Toeing the line, literally, with a jumper that extends just shy of 22 feet, is Davis. He is an MVP candidate, the best young player in the league, and according to some people, the qualifier of youth need not apply.

In general, when a big man squares up twenty feet from the basket, the numbers dictate that the opposition can take a sigh of relief. But a young Davis honed his skills on the perimeter until hitting a growth spurt in his junior year. He’s equipped with the size of a big man and the skillset of a wing slasher. Off the catch, he is perpetually ready to explode, with an array of driving moves, from running bankers, jumpers, floaters and hooks. He operates mid-air, his vertical and wingspan allowing forward acceleration while he cocks back for the shot. With 250 pounds of strength, he can barrel through the opposition, and like a 6-foot-11 Dwyane Wade, with a mastery of the geometry of the backboard, Davis can finish at any angle he so chooses.

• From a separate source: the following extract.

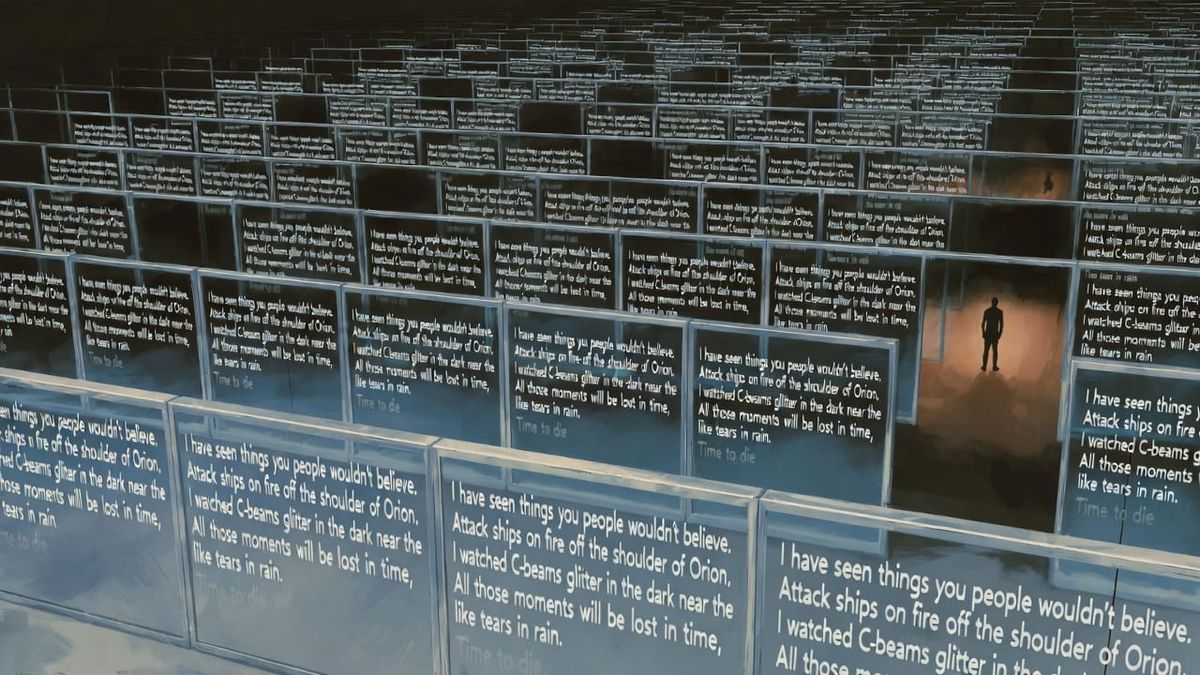 The Ghosts of the Word An investigation into a stolen word — and the people who no longer know they've stopped thinking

These are the shots, by the way, that modern NBA defenses goad players into, because an increased proximity to the rim is often analogous with an increase in proximity to multiple defenders, sans the ease and banking options of a lay-up. But Davis shoots like no one is guarding. The apex of his shot is nearly unblockable, so he unleashes teardrops and runners with the confidence of a man who knows it, even when he has to fake, shake and split a double-team before the release.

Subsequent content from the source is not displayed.